_INSTRUCTIONS TO FOLLOW_: Could you retype only the lines from the one containing "Aplic 304674 - Suono Scan - 9" through the final line of the entries, both included, skipping any images?

_LISTED RECORDS_:
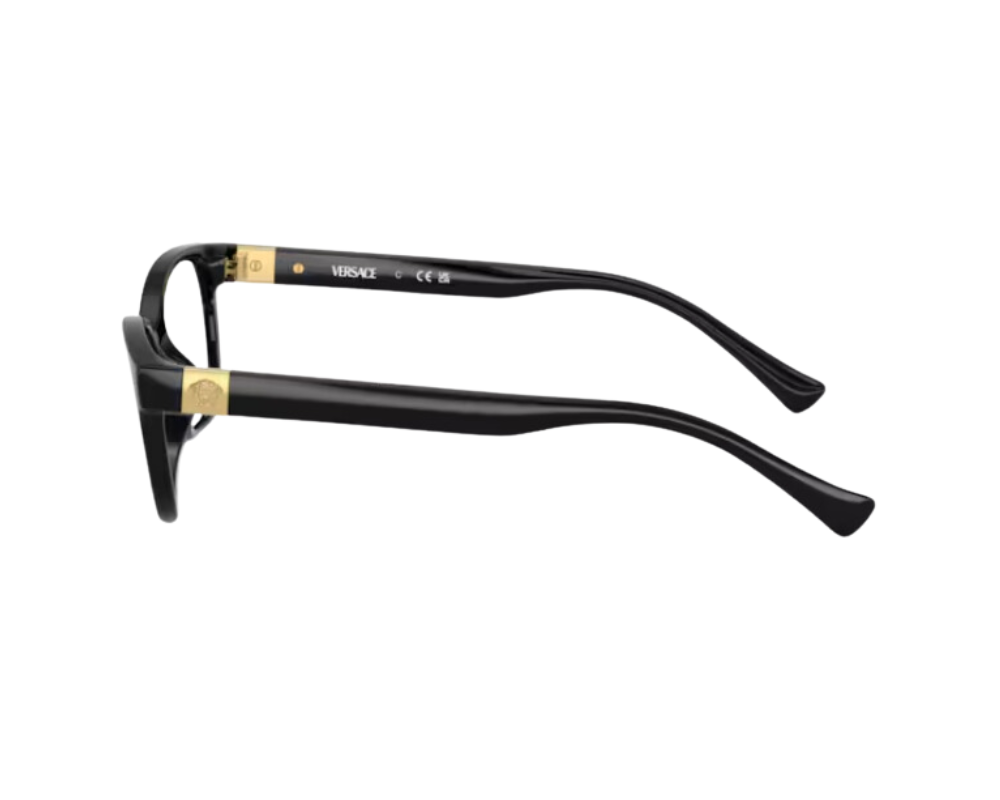 Lunettes de vue Versace VK3006U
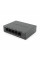 BMS плата JK-PB1A16S10P Li-Ion/LiFePo4/LTO 8S-16S, 100A, CAN/RS232/RS485, LED, 1mΩ, Bluetooth, Ballance 1A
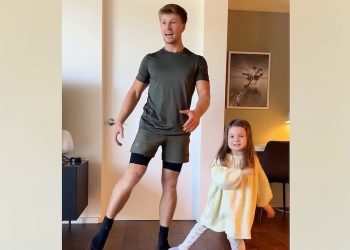 robert-irwin-melts-hearts-teaching-niece-grace-adorable-dance-moves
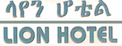 Lion Hotel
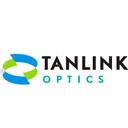 Tanlink Optics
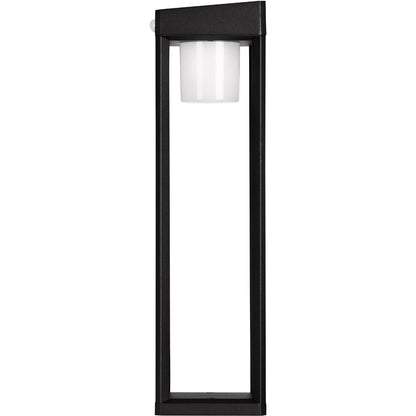 4Lite 4L2/6022 Lighting
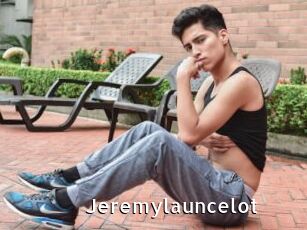 jeremylauncelot My Porno Stash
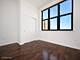 1464 S Michigan Unit 1104, Chicago, IL 60605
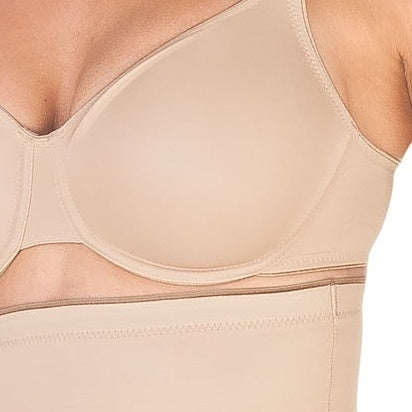 Conturelle Perfect Feeling Soft Touch Maxislip Sand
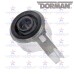 523-261 Front left suspension control arm bushing Ford Explorer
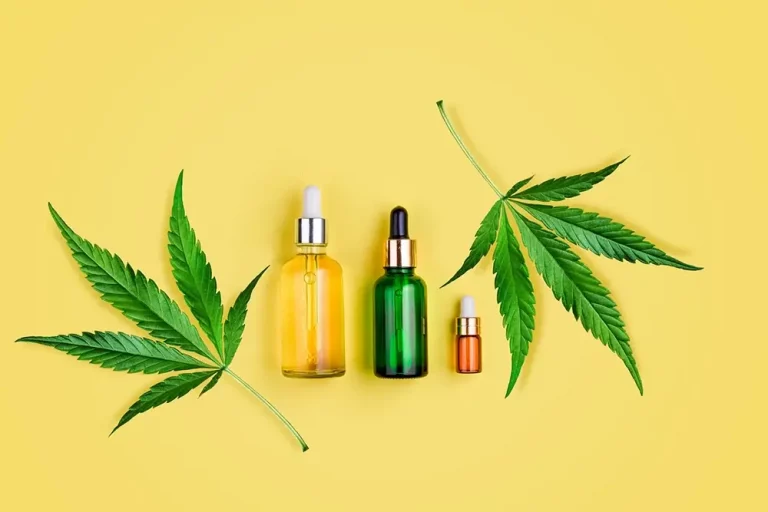 A Beginner’s Guide to Hemp Oil Extraction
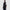 Insulated Course Woven Gilet Black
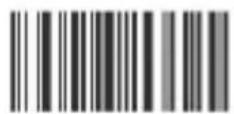 Aplic 304674 - Suono Scan - 9
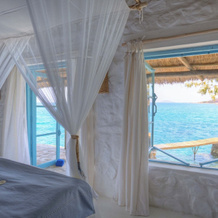 Kaya Mawa, Likoma Island — photo 4
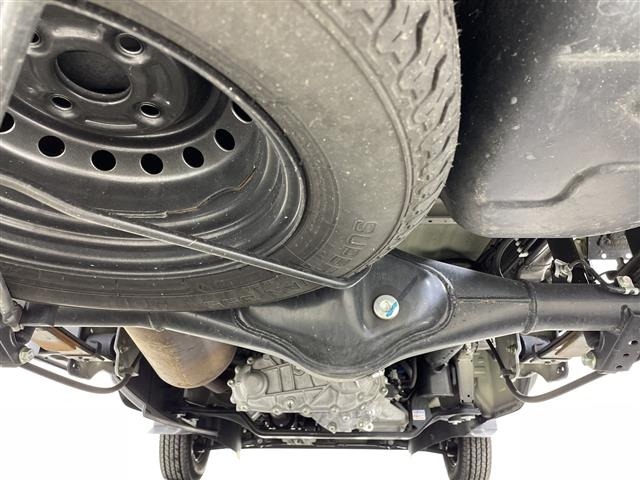 Suzuki CARRY TRUCK 2025 7981794-15
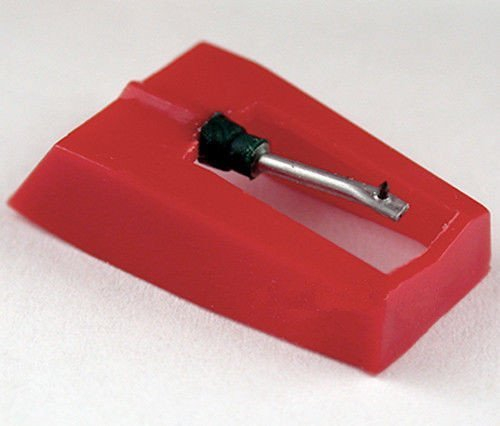 Durpower J. C. PENNY 1758 - Ago giradischi per custodia USB portatile HYPE HY-2004-BCT J.C. PENNY 1798, J.C. PENNY 1748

_SOLUTION TO THE PROBLEM_:
 Aplic 304674 - Suono Scan - 9
 Kaya Mawa, Likoma Island — photo 4
 Suzuki CARRY TRUCK 2025 7981794-15
 Durpower J. C. PENNY 1758 - Ago giradischi per custodia USB portatile HYPE HY-2004-BCT J.C. PENNY 1798, J.C. PENNY 1748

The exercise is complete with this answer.